THE PROBLEM
Transcribe the listing in full. Keep every line exactly as it stands.

ENTRIES PROVIDED

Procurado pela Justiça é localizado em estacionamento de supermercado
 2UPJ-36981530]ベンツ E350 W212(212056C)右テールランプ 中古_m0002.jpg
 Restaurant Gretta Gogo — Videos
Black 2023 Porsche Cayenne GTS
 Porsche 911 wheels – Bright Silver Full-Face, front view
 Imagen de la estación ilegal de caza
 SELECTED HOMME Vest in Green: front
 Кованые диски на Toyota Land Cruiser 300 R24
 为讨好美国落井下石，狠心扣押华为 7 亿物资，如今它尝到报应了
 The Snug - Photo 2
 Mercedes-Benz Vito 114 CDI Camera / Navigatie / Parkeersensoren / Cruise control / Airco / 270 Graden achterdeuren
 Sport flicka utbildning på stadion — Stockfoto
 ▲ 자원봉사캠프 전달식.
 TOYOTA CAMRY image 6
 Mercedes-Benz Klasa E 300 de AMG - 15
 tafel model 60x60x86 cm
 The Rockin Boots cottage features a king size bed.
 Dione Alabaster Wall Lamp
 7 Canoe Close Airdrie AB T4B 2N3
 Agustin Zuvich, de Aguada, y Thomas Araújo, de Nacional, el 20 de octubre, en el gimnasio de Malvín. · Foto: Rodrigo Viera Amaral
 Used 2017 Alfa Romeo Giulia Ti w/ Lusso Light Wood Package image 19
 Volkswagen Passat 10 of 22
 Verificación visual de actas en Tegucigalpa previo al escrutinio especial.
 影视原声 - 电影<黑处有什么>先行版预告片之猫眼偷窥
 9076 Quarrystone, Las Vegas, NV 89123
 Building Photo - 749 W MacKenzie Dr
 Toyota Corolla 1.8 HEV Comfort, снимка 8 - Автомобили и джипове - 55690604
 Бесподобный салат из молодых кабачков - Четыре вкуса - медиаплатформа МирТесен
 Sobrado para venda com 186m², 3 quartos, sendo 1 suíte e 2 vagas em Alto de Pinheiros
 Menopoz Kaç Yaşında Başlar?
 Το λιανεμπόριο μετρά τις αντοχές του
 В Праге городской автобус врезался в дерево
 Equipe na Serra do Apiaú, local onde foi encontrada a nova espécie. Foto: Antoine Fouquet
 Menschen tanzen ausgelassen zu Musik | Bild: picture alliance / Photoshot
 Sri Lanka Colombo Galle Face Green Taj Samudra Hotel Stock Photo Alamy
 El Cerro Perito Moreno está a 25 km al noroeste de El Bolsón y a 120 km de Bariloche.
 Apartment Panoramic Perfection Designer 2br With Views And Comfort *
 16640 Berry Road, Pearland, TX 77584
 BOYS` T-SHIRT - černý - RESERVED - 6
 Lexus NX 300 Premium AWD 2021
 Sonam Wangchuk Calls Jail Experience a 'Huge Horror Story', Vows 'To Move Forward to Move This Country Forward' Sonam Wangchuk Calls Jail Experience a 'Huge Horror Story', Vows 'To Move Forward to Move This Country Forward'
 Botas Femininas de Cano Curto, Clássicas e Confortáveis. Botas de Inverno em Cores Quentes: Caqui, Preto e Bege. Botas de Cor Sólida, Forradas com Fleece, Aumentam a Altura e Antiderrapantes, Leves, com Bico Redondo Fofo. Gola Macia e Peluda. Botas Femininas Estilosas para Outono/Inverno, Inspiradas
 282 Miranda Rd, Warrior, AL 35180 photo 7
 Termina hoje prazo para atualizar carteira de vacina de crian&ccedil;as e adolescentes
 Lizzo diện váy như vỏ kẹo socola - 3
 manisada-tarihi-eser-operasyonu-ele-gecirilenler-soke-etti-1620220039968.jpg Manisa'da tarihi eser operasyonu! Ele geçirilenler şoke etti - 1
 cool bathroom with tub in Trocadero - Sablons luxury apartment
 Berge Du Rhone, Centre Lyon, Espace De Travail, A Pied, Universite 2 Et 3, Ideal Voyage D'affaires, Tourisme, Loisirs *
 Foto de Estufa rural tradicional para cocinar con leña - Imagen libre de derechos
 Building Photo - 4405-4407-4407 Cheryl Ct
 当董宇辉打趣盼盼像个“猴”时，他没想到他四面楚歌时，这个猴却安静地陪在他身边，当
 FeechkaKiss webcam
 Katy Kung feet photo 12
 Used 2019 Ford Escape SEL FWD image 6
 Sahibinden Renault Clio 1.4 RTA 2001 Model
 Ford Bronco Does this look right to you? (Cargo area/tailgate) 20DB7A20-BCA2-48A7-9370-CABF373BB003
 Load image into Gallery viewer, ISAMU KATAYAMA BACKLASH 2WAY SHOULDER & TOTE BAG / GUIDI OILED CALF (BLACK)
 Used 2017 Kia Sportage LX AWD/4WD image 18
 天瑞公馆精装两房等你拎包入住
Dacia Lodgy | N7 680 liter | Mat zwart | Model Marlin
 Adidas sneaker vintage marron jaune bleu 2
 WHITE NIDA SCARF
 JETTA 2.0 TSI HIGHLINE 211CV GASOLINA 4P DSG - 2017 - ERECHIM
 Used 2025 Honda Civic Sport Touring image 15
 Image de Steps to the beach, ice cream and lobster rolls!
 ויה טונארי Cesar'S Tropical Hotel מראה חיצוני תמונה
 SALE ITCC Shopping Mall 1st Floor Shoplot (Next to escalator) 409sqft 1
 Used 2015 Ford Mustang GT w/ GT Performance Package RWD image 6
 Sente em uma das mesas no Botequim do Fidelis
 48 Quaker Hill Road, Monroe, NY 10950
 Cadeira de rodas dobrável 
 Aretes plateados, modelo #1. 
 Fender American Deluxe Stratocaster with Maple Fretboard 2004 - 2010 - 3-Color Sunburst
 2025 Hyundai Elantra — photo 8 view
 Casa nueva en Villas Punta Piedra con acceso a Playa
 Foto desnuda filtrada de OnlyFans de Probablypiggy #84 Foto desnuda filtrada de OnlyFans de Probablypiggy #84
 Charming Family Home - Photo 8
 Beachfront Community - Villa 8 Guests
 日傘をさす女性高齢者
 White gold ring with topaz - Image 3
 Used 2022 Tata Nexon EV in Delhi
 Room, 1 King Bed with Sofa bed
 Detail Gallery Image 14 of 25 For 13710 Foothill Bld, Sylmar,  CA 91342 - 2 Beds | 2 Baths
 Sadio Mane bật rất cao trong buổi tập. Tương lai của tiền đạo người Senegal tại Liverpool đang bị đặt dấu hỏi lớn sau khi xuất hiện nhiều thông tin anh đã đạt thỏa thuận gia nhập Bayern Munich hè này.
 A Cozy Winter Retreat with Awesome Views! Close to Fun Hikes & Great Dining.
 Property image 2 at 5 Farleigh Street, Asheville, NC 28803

ANSWER FOR THIS EXERCISE
Procurado pela Justiça é localizado em estacionamento de supermercado
 2UPJ-36981530]ベンツ E350 W212(212056C)右テールランプ 中古_m0002.jpg
 Restaurant Gretta Gogo — Videos
Black 2023 Porsche Cayenne GTS
 Porsche 911 wheels – Bright Silver Full-Face, front view
 Imagen de la estación ilegal de caza
 SELECTED HOMME Vest in Green: front
 Кованые диски на Toyota Land Cruiser 300 R24
 为讨好美国落井下石，狠心扣押华为 7 亿物资，如今它尝到报应了
 The Snug - Photo 2
 Mercedes-Benz Vito 114 CDI Camera / Navigatie / Parkeersensoren / Cruise control / Airco / 270 Graden achterdeuren
 Sport flicka utbildning på stadion — Stockfoto
 ▲ 자원봉사캠프 전달식.
 TOYOTA CAMRY image 6
 Mercedes-Benz Klasa E 300 de AMG - 15
 tafel model 60x60x86 cm
 The Rockin Boots cottage features a king size bed.
 Dione Alabaster Wall Lamp
 7 Canoe Close Airdrie AB T4B 2N3
 Agustin Zuvich, de Aguada, y Thomas Araújo, de Nacional, el 20 de octubre, en el gimnasio de Malvín. · Foto: Rodrigo Viera Amaral
 Used 2017 Alfa Romeo Giulia Ti w/ Lusso Light Wood Package image 19
 Volkswagen Passat 10 of 22
 Verificación visual de actas en Tegucigalpa previo al escrutinio especial.
 影视原声 - 电影<黑处有什么>先行版预告片之猫眼偷窥
 9076 Quarrystone, Las Vegas, NV 89123
 Building Photo - 749 W MacKenzie Dr
 Toyota Corolla 1.8 HEV Comfort, снимка 8 - Автомобили и джипове - 55690604
 Бесподобный салат из молодых кабачков - Четыре вкуса - медиаплатформа МирТесен
 Sobrado para venda com 186m², 3 quartos, sendo 1 suíte e 2 vagas em Alto de Pinheiros
 Menopoz Kaç Yaşında Başlar?
 Το λιανεμπόριο μετρά τις αντοχές του
 В Праге городской автобус врезался в дерево
 Equipe na Serra do Apiaú, local onde foi encontrada a nova espécie. Foto: Antoine Fouquet
 Menschen tanzen ausgelassen zu Musik | Bild: picture alliance / Photoshot
 Sri Lanka Colombo Galle Face Green Taj Samudra Hotel Stock Photo Alamy
 El Cerro Perito Moreno está a 25 km al noroeste de El Bolsón y a 120 km de Bariloche.
 Apartment Panoramic Perfection Designer 2br With Views And Comfort *
 16640 Berry Road, Pearland, TX 77584
 BOYS` T-SHIRT - černý - RESERVED - 6
 Lexus NX 300 Premium AWD 2021
 Sonam Wangchuk Calls Jail Experience a 'Huge Horror Story', Vows 'To Move Forward to Move This Country Forward' Sonam Wangchuk Calls Jail Experience a 'Huge Horror Story', Vows 'To Move Forward to Move This Country Forward'
 Botas Femininas de Cano Curto, Clássicas e Confortáveis. Botas de Inverno em Cores Quentes: Caqui, Preto e Bege. Botas de Cor Sólida, Forradas com Fleece, Aumentam a Altura e Antiderrapantes, Leves, com Bico Redondo Fofo. Gola Macia e Peluda. Botas Femininas Estilosas para Outono/Inverno, Inspiradas
 282 Miranda Rd, Warrior, AL 35180 photo 7
 Termina hoje prazo para atualizar carteira de vacina de crian&ccedil;as e adolescentes
 Lizzo diện váy như vỏ kẹo socola - 3
 manisada-tarihi-eser-operasyonu-ele-gecirilenler-soke-etti-1620220039968.jpg Manisa'da tarihi eser operasyonu! Ele geçirilenler şoke etti - 1
 cool bathroom with tub in Trocadero - Sablons luxury apartment
 Berge Du Rhone, Centre Lyon, Espace De Travail, A Pied, Universite 2 Et 3, Ideal Voyage D'affaires, Tourisme, Loisirs *
 Foto de Estufa rural tradicional para cocinar con leña - Imagen libre de derechos
 Building Photo - 4405-4407-4407 Cheryl Ct
 当董宇辉打趣盼盼像个“猴”时，他没想到他四面楚歌时，这个猴却安静地陪在他身边，当
 FeechkaKiss webcam
 Katy Kung feet photo 12
 Used 2019 Ford Escape SEL FWD image 6
 Sahibinden Renault Clio 1.4 RTA 2001 Model
 Ford Bronco Does this look right to you? (Cargo area/tailgate) 20DB7A20-BCA2-48A7-9370-CABF373BB003
 Load image into Gallery viewer, ISAMU KATAYAMA BACKLASH 2WAY SHOULDER & TOTE BAG / GUIDI OILED CALF (BLACK)
 Used 2017 Kia Sportage LX AWD/4WD image 18
 天瑞公馆精装两房等你拎包入住
Dacia Lodgy | N7 680 liter | Mat zwart | Model Marlin
 Adidas sneaker vintage marron jaune bleu 2
 WHITE NIDA SCARF
 JETTA 2.0 TSI HIGHLINE 211CV GASOLINA 4P DSG - 2017 - ERECHIM
 Used 2025 Honda Civic Sport Touring image 15
 Image de Steps to the beach, ice cream and lobster rolls!
 ויה טונארי Cesar'S Tropical Hotel מראה חיצוני תמונה
 SALE ITCC Shopping Mall 1st Floor Shoplot (Next to escalator) 409sqft 1
 Used 2015 Ford Mustang GT w/ GT Performance Package RWD image 6
 Sente em uma das mesas no Botequim do Fidelis
 48 Quaker Hill Road, Monroe, NY 10950
 Cadeira de rodas dobrável 
 Aretes plateados, modelo #1. 
 Fender American Deluxe Stratocaster with Maple Fretboard 2004 - 2010 - 3-Color Sunburst
 2025 Hyundai Elantra — photo 8 view
 Casa nueva en Villas Punta Piedra con acceso a Playa
 Foto desnuda filtrada de OnlyFans de Probablypiggy #84 Foto desnuda filtrada de OnlyFans de Probablypiggy #84
 Charming Family Home - Photo 8
 Beachfront Community - Villa 8 Guests
 日傘をさす女性高齢者
 White gold ring with topaz - Image 3
 Used 2022 Tata Nexon EV in Delhi
 Room, 1 King Bed with Sofa bed
 Detail Gallery Image 14 of 25 For 13710 Foothill Bld, Sylmar,  CA 91342 - 2 Beds | 2 Baths
 Sadio Mane bật rất cao trong buổi tập. Tương lai của tiền đạo người Senegal tại Liverpool đang bị đặt dấu hỏi lớn sau khi xuất hiện nhiều thông tin anh đã đạt thỏa thuận gia nhập Bayern Munich hè này.
 A Cozy Winter Retreat with Awesome Views! Close to Fun Hikes & Great Dining.
 Property image 2 at 5 Farleigh Street, Asheville, NC 28803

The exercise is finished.